El café

Como bebida de consumo universal, el café es parte de nuestra vida diaria sin inspirar más preguntas que eso… y aún así!

Un poco de historia

Aunque la época del inicio de su consumo sigue sin estar clara, se ha determinado ya la época de su origen geográfico. El cafeto ( Coffea arabica ), es un arbusto que raramente supera los 10 metros de altura en estado salvaje. Los primeros rastros de esta planta nos llevan a Etiopía, más precisamente a la región de Kaffa. Muchas leyendas giran en torno al tema del café, en particular la de un pastor que en el siglo VIII en Abisinia, se preocupó cuando sus cabras devoraron las bayas rojas de un arbusto. Creyendo que eran venenosas, observó sus cabras durante largas horas y luego se dio cuenta de que eran mucho más vigorosas de lo habitual. Sorprendido, contó su historia en un monasterio cercano. Los monjes probaron la famosa fruta del cafeto y descubrieron que ahora podían meditar sin dormirse.

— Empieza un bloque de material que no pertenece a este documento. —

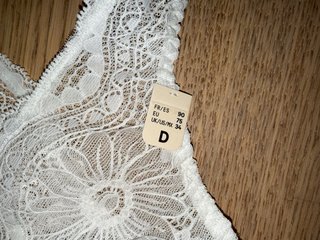 Conjunto lencería Etam encaje blanco y rosa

Más allá de las leyendas, sabemos que el café fue importado a Europa desde el Imperio Otomano en el siglo XVI. Esta bebida negra y aterciopelada, llamada “Qahwah” en árabe, se convirtió en “caffè” en Venecia, donde los mercaderes venecianos, olfateando las cosas buenas, la propagaron. El café se extendió entonces por todo el Viejo Continente, recibiendo una calurosa acogida en París, donde más tarde se vincularía a la vida intelectual a través de diversos establecimientos como “Les Deux Magots”, por nombrar sólo los más famosos.

Conocer mejor el cafeto

El cafeto es un arbusto arbustivo de la familia de las Rubiáceas que necesita calor y mucha agua durante todo el año para crecer bien y dar frutos. La temperatura no debería bajar de 20°C. En nuestras latitudes, sólo se cultivará en interiores en un ambiente bien iluminado y calentado por su follaje y la delicada fragancia de sus flores, pero bajo ninguna circunstancia para la producción de café.

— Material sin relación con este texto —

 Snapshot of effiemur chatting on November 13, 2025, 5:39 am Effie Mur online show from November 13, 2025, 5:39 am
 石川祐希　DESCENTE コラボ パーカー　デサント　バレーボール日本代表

El cafeto es nativo de las zonas tropicales de África y actualmente se cultiva en la mayoría de las zonas tropicales del mundo. Dos especies se utilizan principalmente para producir café: Coffea arabica, que crece hasta 2000 metros sobre el nivel del mar, y Coffea robusta, que prefiere las altitudes más bajas de las zonas tropicales.

El cafeto es un hermoso arbusto con un follaje verde ondulado y brillante. En la axila de éstas nacen pequeñas flores blancas en forma de estrella que esparcen un dulce aroma a jazmín. Las drupas que van del verde al amarillo y luego al rojo contienen dos núcleos en cada uno de los cuales se encuentra un grano de café.

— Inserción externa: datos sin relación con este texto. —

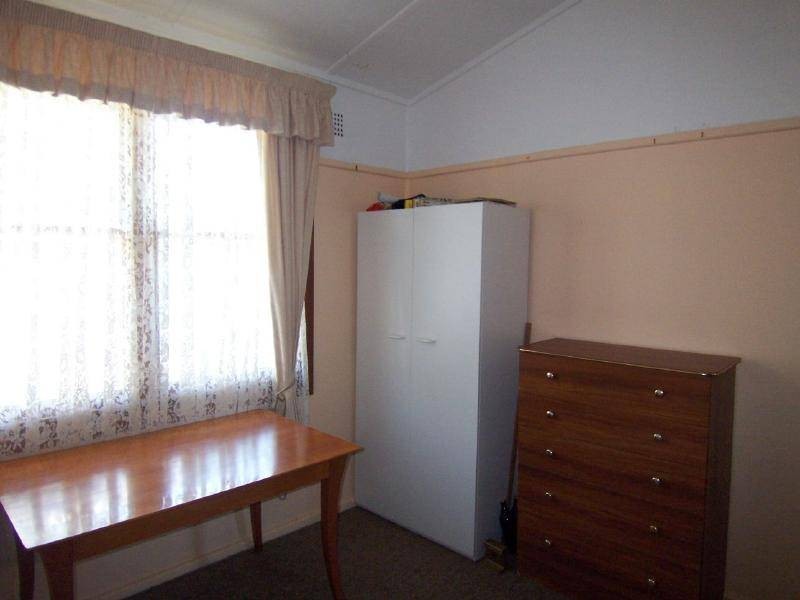25 Hay Street, Cootamundra NSW 2590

De la drupa a la pólvora negra

Los frutos se cosechan cuando están maduros y luego se secan al sol durante 20 días, luego deben ser pelados para obtener el café “verde natural”. Otra técnica consiste en quitar la pulpa mediante varios procesos de remojo y fermentación, los granos se lavan y se clasifican y secan para obtener el “café verde lavado”.

Estos cafés verdes son luego empacados en bolsas de yute de 60 kg que serán transportados a los sitios de exportación. Después de la compra, los tostadores ensamblarán los frijoles para “cocinarlos” según los gustos de cada país consumidor. Lo único que quedará después es moler los granos tostados para transformarlos en polvo, que una vez sublimado por el agua hirviendo en una sutil bebida, puede ser usado en el jardín en el compost o en la superficie de las plantas de interior.